Cinque euro è il prezzo di circa quattro chilogrammi di pasta, di un panino preso al bar o di una qualsiasi rivista mensile. Cinque euro o poco più, lordi, è anche il salario orario di un lavoratore della Gfe (Gruppo facchini emiliano). È, ma sarebbe meglio dire era, perché a oggi la Gfe è in fase di smantellamento.
Non siamo a Pomigliano, e in ballo non c’è un nome importante come quello della Fiat. Ci troviamo invece nella bassa provincia reggiana, tra Castelnovo Sotto e Campegine, e in gioco ci sono i destini di 516 operai, per la maggior parte stranieri, associati alla cooperativa che, dal 1999, lavora quasi esclusivamente per la Snatt della famiglia Fagioli.

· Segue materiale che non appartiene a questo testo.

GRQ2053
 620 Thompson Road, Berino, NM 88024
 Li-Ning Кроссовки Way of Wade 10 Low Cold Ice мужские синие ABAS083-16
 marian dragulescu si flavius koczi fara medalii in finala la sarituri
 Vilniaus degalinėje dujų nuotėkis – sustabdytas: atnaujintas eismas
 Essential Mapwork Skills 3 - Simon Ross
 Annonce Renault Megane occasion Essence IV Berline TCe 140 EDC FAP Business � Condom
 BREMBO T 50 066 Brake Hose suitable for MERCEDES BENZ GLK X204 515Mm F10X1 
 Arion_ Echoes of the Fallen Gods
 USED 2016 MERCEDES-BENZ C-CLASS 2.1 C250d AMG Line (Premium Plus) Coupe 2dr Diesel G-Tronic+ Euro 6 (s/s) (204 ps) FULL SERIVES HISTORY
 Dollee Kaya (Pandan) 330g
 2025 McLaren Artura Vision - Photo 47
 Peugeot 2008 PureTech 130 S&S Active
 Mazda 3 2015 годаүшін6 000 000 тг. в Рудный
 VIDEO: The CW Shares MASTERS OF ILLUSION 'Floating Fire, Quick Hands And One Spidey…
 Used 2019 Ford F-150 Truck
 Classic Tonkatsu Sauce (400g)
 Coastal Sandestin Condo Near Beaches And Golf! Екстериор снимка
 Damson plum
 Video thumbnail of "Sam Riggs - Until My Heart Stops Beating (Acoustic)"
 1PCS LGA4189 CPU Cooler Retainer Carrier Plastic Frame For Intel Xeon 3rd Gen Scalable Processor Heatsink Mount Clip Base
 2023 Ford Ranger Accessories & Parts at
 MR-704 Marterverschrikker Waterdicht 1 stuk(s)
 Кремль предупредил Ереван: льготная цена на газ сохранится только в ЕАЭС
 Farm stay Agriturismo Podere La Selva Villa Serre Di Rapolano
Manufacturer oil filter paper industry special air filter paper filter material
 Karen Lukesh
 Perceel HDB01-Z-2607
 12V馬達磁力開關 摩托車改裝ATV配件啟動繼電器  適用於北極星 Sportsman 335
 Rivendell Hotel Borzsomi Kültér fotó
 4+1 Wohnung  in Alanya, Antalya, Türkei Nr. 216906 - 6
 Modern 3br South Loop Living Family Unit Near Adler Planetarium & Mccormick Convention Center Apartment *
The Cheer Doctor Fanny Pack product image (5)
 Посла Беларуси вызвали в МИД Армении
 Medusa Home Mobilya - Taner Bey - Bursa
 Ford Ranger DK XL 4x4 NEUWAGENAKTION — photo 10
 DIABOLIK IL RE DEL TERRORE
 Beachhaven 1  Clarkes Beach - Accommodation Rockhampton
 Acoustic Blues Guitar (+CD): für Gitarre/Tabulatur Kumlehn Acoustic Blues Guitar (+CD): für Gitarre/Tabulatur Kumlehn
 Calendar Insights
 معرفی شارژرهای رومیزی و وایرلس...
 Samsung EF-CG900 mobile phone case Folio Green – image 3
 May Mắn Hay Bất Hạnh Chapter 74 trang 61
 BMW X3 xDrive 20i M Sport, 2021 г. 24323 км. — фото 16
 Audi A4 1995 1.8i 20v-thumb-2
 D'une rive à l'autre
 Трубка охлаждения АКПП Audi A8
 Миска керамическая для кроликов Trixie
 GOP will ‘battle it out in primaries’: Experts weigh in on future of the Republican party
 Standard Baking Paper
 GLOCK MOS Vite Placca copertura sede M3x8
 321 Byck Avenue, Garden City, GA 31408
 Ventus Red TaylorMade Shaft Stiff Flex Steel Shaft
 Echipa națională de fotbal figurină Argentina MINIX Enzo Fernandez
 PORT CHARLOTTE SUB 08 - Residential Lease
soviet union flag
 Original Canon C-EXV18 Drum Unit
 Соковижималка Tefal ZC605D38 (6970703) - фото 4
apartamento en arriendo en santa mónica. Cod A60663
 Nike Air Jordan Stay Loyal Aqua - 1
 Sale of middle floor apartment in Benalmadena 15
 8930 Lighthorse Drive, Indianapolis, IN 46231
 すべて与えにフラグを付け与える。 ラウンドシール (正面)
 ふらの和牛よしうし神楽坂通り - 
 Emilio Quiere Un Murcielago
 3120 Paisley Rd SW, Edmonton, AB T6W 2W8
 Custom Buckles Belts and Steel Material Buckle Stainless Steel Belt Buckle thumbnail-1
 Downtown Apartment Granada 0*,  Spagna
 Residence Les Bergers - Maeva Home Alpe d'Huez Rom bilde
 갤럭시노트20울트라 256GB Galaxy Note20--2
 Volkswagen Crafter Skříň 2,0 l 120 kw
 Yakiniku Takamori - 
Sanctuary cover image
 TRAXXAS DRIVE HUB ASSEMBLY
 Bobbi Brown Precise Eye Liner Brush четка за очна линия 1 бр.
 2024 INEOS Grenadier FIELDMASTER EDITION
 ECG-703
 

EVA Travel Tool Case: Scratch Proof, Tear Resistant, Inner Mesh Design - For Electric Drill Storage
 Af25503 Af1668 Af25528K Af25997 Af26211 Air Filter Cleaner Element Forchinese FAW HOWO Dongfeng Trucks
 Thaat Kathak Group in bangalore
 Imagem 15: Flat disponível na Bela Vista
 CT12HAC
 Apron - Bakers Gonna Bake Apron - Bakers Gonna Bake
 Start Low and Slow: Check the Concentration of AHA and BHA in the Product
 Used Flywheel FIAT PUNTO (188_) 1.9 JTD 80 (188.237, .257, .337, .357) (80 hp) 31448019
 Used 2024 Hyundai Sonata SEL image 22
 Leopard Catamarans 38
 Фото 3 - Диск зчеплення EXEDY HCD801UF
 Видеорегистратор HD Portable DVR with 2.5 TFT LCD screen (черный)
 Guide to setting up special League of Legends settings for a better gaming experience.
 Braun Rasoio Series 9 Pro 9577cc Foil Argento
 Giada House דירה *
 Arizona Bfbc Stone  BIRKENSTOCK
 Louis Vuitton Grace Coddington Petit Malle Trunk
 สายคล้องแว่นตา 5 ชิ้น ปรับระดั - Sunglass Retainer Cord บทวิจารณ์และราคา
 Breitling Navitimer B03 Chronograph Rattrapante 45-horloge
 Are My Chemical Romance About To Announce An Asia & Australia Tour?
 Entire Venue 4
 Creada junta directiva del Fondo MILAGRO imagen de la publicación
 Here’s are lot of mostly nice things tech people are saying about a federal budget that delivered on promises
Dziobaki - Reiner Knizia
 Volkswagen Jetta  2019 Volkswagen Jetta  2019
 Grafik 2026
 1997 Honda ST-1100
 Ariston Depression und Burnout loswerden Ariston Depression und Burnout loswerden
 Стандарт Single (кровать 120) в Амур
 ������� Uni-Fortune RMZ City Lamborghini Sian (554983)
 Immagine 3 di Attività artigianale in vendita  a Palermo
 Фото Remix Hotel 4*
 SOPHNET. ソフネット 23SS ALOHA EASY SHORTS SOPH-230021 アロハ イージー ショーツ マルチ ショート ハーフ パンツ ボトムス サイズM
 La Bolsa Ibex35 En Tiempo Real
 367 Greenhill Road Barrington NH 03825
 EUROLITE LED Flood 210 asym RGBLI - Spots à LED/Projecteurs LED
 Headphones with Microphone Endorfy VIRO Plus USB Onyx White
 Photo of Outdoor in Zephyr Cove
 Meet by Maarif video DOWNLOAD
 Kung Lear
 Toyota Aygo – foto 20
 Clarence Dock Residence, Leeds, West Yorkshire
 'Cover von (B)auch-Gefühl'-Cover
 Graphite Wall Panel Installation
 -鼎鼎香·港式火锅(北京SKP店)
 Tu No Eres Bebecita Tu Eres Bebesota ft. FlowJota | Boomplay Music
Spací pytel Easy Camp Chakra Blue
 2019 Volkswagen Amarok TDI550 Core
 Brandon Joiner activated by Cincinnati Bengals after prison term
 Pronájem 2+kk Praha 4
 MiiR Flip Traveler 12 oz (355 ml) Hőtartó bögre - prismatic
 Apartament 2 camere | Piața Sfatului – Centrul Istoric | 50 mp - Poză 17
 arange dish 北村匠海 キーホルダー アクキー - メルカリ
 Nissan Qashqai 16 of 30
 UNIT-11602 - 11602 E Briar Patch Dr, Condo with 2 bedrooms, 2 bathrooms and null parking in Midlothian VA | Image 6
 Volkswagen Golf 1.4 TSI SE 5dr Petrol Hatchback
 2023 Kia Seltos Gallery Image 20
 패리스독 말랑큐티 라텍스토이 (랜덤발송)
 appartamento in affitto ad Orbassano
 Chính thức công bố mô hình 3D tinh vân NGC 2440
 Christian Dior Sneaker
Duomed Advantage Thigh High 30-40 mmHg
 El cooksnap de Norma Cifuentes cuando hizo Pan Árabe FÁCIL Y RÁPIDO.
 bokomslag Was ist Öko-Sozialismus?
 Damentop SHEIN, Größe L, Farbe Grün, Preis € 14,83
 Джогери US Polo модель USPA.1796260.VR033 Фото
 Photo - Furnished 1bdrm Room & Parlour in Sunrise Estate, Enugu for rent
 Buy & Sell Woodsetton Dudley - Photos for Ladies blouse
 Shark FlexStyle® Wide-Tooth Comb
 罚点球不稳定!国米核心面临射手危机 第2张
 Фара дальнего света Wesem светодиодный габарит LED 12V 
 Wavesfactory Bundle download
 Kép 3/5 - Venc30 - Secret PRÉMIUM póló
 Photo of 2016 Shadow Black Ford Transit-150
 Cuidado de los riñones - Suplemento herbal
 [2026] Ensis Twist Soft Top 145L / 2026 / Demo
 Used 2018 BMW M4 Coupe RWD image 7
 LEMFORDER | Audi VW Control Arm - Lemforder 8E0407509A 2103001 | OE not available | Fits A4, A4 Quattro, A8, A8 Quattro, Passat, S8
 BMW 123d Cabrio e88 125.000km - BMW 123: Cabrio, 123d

La storia ha inizio a luglio, quando, dopo un’intensa mobilitazione, i lavoratori della Gfe riescono a ottenere l’applicazione del contratto nazionale di categoria, che comporta non solo l’aumento del misero stipendio, ma anche maggiori garanzie, tredicesima e quattordicesima, straordinari pagati, trattamento per malattie e infortuni compresi. Una conquista importante, che però non va giù ai vertici di Snatt, che, ai primi di novembre, rescinde il contratto con Gfe, lasciando tutti senza lavoro da un giorno all’altro. Ricorda Kava, conosciuta da tutti come Goghi, indiana, da otto anni alla Gfe e rappresentante Rsa: “ci hanno dato un foglio in mano il giovedì sera, che diceva che dal lunedì dopo eravamo a casa. Non è nemmeno venuto il presidente della cooperativa (Libero Uri, ndr) a dircelo, era un suo dovere riunirci per comunicarcelo”. Le fa eco Francesca, dieci anni in Gfe e Rsa, la quale ricorda come addirittura agli ex associati sia stato comunicato, via sms, il divieto di varcare i cancelli della Snatt: in molti non sono ancora riusciti a recuperare i loro effetti personali, lasciati negli armadietti all’interno dello stabilimento.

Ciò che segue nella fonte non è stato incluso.